From the records that follow, return exactly the lines beginning at the one that contains "Dr Adorable Camellia" and ending at the one that contains "Stück von HomeVortex", pictures left out.

-------- SUPPLIED ENTRIES --------

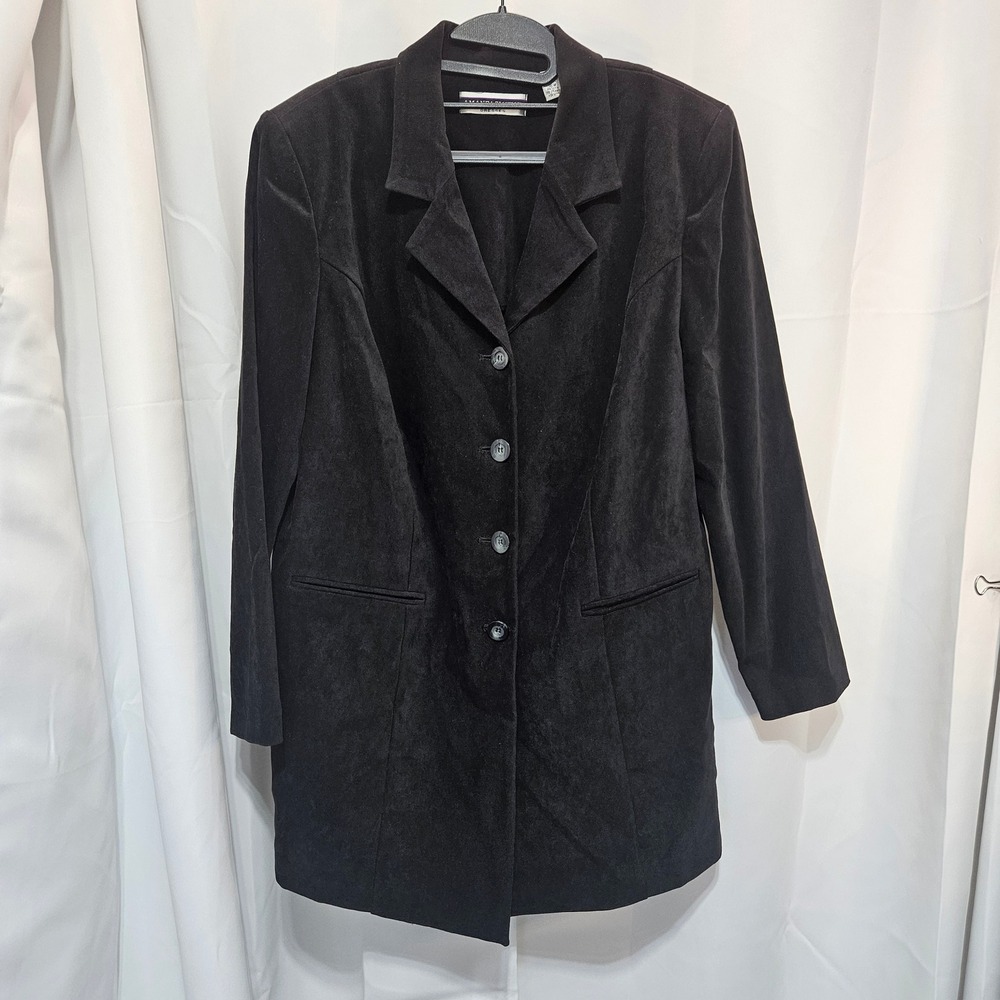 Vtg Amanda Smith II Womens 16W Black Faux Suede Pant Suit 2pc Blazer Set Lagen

--------
-------- SUPPLIED ENTRIES --------

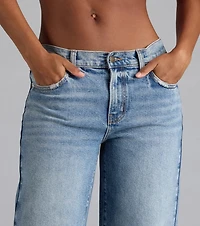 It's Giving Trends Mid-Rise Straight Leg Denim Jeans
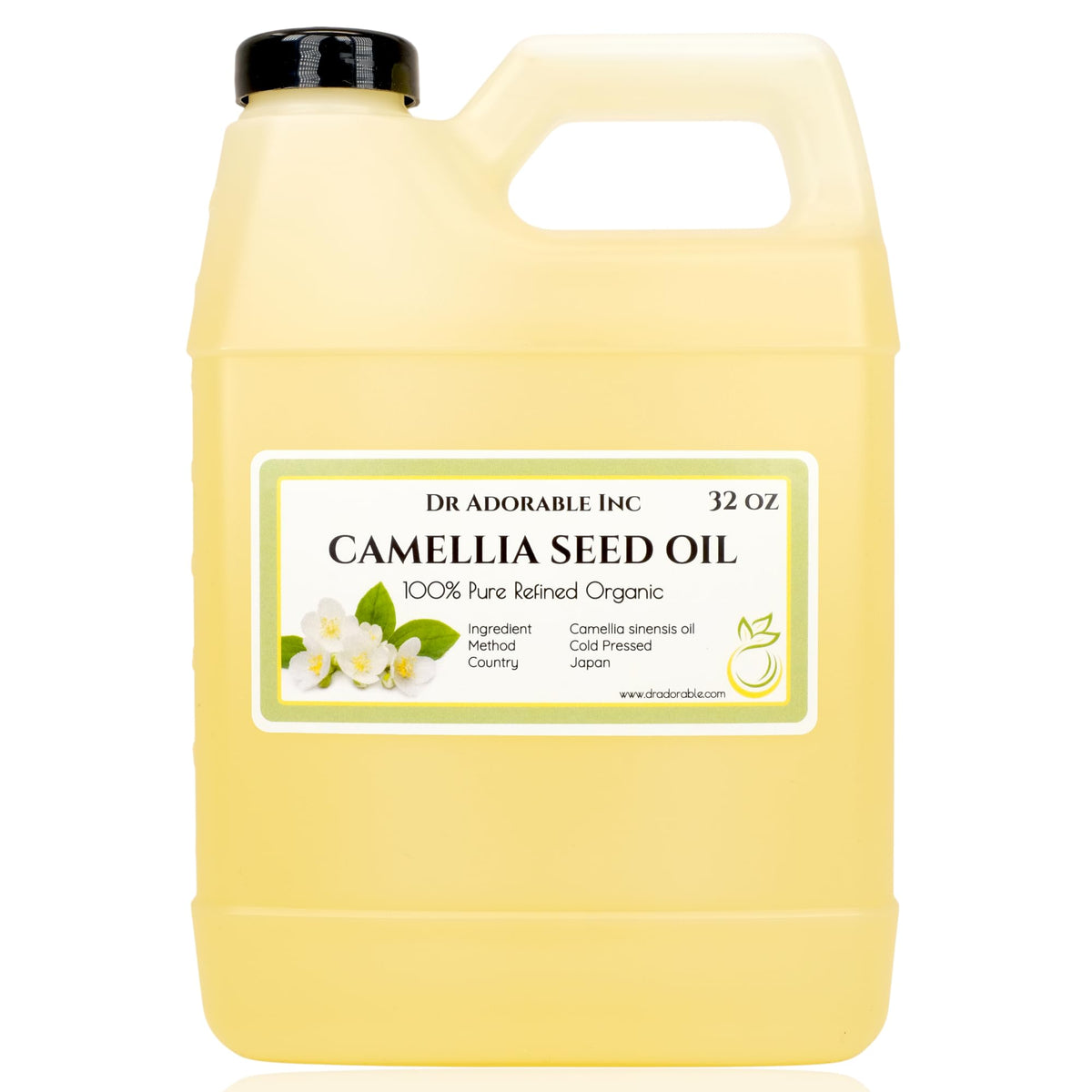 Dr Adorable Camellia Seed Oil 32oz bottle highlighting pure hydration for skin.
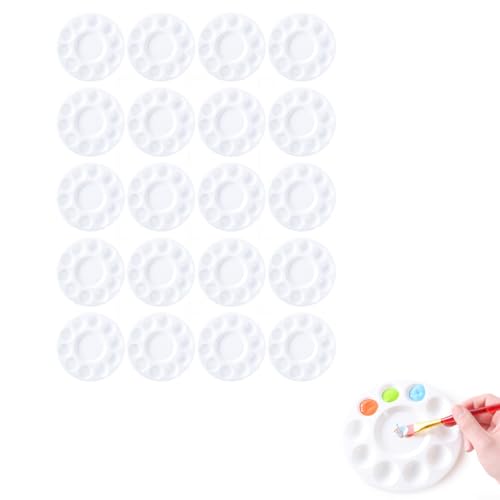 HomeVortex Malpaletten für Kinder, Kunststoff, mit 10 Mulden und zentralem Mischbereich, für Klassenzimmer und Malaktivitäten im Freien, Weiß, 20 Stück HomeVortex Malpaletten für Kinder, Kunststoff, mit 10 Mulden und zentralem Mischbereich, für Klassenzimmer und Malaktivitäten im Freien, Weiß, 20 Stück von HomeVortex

--------

ANSWER BOX:
 Dr Adorable Camellia Seed Oil 32oz bottle highlighting pure hydration for skin.
 HomeVortex Malpaletten für Kinder, Kunststoff, mit 10 Mulden und zentralem Mischbereich, für Klassenzimmer und Malaktivitäten im Freien, Weiß, 20 Stück HomeVortex Malpaletten für Kinder, Kunststoff, mit 10 Mulden und zentralem Mischbereich, für Klassenzimmer und Malaktivitäten im Freien, Weiß, 20 Stück von HomeVortex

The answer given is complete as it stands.